Tuesday, March 05, 2013

Overcrowded forward group grows larger with the addition of Brown


With the Edmonton Oilers acquisition of former Toronto Maple Leafs pest Mike Brown on Monday morning, General Manager Steve Tambellini helped address his club's lack of toughness and willingness to engage physically. On the other hand, he has added another body to a roster that already has far too many players on it.

For the second time in the last ten days, this organization has had the good fortune, and to a degree, taken the easy way out when it comes to player movement. When Ryan Jones returned to action on February 23rd against the Phoenix Coyotes, the Oilers placed Lennart Petrell on the IR for one game and than swapped him out for fellow Finn Teemu Hartikainen. The same sort of thing occurred with Brown.

Edmonton made room for their new "tough guy" by placing defenceman Mark Fistric on injured reserve with a banged up elbow. Fistric won't be out long and at some point, Hartikainen should be ready to go. Meaning Tambellini and company are going to have to address the situation.

You would have think head coach Ralph Krueger would love to get down to seven blueliners on his active roster but that can't happen without a trade or exposing one of them via waivers. The second one will not and frankly should not happen. Meaning a trade has to be made or they continue to ride it out with eight D men. For the time being, bet on the latter happening.

Bringing us to the traffic jam within the forward ranks. When healthy, the obvious regulars would be;

Jordan Eberle, Taylor Hall, Ryan Nugent-Hopkins, Sam Gagner, Ales Hemsky, Nail Yakupov, Shawn Horcoff, Ryan Jones and Eric Belanger

Leaving four spots for six guys and that doesn't include Chris VandeVelde, who will head back to Oklahoma City upon Horcoff's return. The obvious and easy decision would be to send Hartikainen and Magnus Paajarvi down to OKC and run with a rotation of Brown, Ben Eager, Petrell and Ryan Smyth in those final three spots.

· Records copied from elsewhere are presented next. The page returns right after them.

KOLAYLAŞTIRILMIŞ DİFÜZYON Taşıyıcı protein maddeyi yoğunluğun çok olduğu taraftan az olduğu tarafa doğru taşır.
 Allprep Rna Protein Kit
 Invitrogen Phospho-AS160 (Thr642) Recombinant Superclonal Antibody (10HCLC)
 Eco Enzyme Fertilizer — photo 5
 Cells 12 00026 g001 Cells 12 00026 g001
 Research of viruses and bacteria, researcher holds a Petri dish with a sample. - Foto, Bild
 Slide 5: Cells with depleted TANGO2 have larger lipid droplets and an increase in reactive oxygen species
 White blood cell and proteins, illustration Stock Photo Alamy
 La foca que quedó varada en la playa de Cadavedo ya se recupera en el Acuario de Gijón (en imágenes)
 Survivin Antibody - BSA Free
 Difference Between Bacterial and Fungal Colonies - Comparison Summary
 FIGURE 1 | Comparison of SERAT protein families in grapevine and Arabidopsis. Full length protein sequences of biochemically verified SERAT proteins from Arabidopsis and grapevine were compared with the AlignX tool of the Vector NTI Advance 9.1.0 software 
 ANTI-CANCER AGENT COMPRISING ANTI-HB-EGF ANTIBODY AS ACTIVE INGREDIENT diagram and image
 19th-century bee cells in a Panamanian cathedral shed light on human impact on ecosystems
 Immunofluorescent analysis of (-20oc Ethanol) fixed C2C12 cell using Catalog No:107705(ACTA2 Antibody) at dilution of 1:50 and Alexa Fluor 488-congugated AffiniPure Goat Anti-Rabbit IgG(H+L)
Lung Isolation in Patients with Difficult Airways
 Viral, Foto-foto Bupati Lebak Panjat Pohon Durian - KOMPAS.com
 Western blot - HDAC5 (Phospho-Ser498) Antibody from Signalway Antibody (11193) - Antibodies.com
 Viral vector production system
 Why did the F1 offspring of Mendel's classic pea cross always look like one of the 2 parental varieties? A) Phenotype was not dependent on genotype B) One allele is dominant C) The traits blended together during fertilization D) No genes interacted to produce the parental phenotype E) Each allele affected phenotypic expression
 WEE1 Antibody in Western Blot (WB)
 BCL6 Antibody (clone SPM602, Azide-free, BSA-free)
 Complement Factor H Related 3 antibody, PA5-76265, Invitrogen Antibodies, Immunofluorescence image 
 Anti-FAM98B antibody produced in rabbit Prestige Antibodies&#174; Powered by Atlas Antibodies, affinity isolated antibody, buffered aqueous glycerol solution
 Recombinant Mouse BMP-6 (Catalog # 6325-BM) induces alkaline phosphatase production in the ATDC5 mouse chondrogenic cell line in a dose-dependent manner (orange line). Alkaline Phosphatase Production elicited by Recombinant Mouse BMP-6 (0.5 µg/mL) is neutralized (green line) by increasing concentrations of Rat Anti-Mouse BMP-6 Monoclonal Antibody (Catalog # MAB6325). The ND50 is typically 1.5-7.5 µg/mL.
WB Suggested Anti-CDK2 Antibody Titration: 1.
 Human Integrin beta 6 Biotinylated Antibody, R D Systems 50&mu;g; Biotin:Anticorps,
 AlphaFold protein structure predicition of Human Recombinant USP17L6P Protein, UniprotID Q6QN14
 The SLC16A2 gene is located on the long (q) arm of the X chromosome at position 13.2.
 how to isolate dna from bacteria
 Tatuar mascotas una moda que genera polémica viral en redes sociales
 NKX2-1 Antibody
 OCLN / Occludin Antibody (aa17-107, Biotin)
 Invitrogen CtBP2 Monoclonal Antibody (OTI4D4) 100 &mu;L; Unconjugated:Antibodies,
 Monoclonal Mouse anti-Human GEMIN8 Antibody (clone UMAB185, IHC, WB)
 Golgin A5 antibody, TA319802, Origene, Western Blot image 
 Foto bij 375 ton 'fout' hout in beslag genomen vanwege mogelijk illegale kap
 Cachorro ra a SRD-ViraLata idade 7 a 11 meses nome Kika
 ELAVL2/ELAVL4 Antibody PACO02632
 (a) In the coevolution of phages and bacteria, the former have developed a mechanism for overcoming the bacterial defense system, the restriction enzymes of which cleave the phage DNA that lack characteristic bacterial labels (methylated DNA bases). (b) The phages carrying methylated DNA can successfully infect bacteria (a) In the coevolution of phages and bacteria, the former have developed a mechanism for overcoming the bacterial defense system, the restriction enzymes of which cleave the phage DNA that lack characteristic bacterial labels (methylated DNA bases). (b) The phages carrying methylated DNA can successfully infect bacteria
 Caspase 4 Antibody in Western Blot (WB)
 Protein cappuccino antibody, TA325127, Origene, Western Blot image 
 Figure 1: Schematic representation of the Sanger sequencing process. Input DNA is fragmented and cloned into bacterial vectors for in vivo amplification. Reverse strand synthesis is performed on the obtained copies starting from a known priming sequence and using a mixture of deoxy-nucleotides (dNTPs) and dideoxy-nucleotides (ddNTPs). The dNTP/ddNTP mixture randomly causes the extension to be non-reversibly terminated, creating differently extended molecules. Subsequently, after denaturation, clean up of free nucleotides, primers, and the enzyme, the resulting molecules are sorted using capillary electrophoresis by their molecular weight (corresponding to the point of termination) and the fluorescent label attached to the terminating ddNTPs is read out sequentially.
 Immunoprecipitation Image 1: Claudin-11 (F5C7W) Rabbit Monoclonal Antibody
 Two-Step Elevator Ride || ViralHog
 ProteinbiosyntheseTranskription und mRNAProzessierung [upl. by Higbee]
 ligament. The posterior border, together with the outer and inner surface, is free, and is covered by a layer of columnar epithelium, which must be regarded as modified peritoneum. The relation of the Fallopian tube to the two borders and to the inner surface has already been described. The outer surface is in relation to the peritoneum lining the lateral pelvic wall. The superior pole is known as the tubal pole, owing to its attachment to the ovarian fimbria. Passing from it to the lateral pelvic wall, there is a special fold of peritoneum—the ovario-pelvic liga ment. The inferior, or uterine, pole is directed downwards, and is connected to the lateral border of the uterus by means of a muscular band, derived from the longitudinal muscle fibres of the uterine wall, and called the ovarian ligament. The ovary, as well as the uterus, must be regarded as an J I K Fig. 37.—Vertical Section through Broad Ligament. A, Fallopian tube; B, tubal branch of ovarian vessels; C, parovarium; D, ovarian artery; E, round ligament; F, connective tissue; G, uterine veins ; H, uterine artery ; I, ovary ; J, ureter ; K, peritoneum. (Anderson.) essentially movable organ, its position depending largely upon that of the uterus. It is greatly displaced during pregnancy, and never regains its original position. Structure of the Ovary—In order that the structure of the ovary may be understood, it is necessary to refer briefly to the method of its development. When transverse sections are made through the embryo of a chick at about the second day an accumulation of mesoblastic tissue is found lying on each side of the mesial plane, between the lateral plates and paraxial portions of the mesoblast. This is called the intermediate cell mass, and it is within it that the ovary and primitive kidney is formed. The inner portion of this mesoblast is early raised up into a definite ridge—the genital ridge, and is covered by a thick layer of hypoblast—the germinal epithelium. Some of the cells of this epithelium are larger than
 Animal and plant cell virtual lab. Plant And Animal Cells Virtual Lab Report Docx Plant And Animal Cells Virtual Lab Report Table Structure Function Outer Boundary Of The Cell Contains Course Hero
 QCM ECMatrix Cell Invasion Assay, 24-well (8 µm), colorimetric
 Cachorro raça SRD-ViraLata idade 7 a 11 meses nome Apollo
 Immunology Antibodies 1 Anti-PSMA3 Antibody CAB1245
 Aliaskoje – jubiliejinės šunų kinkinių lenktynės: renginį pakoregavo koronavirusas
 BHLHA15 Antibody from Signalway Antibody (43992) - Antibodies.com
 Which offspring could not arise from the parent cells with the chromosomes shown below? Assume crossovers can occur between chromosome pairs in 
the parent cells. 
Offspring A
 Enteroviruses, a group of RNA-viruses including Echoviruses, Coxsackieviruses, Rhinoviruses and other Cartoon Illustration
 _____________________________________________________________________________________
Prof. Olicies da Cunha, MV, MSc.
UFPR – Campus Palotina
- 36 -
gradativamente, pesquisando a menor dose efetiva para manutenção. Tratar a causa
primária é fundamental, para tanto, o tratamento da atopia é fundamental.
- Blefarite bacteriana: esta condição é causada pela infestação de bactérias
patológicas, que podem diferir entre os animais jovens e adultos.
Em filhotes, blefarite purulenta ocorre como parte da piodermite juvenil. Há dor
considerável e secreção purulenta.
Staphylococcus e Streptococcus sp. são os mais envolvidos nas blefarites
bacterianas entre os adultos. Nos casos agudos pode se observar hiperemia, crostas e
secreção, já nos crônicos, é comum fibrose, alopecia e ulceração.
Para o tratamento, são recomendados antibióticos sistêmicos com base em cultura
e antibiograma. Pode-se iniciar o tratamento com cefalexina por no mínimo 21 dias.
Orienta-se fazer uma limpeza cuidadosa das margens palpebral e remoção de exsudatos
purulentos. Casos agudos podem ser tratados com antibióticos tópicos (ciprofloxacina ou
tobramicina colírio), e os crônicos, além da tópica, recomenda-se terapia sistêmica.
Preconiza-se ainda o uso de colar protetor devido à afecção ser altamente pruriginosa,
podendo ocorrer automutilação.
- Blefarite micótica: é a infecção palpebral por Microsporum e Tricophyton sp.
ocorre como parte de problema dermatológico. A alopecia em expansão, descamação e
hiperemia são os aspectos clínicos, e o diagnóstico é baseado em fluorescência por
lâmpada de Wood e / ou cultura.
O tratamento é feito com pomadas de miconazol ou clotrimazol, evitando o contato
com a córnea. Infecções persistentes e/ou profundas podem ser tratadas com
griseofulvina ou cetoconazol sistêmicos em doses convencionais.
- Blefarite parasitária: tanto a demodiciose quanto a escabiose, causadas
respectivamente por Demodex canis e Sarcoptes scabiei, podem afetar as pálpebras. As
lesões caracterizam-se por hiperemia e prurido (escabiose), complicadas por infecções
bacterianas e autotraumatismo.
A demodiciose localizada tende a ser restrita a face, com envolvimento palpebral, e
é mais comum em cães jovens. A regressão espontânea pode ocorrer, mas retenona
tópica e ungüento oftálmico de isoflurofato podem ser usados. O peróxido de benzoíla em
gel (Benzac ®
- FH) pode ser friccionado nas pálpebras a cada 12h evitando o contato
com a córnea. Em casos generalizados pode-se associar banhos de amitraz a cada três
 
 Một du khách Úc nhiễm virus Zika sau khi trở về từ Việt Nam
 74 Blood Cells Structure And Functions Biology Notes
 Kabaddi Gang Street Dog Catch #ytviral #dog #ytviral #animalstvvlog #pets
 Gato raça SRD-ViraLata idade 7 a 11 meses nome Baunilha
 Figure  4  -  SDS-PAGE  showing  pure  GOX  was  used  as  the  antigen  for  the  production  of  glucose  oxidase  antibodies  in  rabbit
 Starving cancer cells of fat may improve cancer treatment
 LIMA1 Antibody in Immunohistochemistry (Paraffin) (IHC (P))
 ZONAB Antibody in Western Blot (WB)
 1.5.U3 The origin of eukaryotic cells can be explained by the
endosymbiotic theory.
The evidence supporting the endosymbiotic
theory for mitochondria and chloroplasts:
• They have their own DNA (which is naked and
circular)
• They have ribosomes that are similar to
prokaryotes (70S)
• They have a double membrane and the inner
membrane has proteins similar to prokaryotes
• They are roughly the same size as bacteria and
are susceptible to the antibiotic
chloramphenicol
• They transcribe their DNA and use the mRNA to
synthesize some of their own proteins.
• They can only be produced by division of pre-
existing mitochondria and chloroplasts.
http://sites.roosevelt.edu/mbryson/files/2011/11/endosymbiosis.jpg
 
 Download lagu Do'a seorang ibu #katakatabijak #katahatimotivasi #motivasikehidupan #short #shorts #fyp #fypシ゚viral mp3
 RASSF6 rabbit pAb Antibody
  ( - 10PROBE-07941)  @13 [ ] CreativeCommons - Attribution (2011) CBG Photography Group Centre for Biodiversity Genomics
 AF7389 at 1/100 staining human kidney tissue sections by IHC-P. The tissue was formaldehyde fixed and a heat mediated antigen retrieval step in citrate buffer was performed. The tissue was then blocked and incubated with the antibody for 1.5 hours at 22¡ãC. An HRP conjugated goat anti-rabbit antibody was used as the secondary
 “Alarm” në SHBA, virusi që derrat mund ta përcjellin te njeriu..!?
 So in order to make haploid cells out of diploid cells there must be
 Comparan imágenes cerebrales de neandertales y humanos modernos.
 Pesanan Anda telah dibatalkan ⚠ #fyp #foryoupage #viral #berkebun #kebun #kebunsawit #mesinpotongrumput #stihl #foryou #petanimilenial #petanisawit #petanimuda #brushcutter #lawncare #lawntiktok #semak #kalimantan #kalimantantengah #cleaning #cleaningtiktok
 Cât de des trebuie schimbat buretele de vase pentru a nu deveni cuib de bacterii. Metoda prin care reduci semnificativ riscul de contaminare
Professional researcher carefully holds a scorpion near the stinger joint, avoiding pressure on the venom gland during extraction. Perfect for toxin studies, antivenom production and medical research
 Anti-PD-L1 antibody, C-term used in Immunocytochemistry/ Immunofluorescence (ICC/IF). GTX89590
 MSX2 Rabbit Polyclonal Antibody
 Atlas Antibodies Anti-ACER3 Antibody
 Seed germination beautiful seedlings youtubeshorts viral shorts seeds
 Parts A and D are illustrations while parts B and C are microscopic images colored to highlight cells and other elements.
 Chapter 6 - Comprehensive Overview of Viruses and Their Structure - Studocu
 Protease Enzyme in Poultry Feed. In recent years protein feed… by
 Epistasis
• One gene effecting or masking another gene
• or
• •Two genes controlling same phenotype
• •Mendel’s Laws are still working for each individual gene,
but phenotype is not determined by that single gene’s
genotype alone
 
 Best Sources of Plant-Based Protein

On the one hand, it would make sense and hypothetically make the Oilers a tougher team to play against but does it make them a better team? Removing both Paajarvi and Hartikainen out of the mix drastically reduces Edmonton's talent in their bottom six and should they continue to use Yakupov in a third line role, who on earth would he play with? Horcoff and....

Should the rookie Russian be pushed down the depth chart at even strength, the most likely choice to go up would be Jones. Leaving absolutely no one to play with the captain and last year's first overall selection. Which would be where a guy like Paajarvi could slide in.

If Yakupov is going to see time in the bottom six, it has to be with some sort of skill and someone that can skate. Outside of Paajarvi, the only guy that can skate well enough to play with him is Eager...which no Oilers fan should ever have to witness.

In my mind Petrell has to stay, as he brings something to table on a nightly basis and is best suited to fill/accept a 12th/13th forward role with Brown. In my mind, Smyth is redundant on a team that already has Jones on it, that does the same thing...only better. That being said, #94 isn't going anywhere.

There is no question this lineup needed an infusion of energy, making yesterday's move more than understandable and the guy does sound like a great team guy. Some like the move, some don't but it does address a need. Having said that, can't see the need in having both Mike Brown and Ben Eager in the lineup a nightly basis but we shall see how it shakes out.

Regardless, Steve Tambellini has a decision to make. Is it time for him to make a multi-player move to try and improve his club now and shakeup the look of his roster or does he take the easy way out and send Magnus Paajarvi and Teemu Hartikainen back to the American Hockey League.

You are on the clock Mr. Tambellini. Time to make something happen or at least address the traffic jam that is the Edmonton Oilers twenty-three man roster.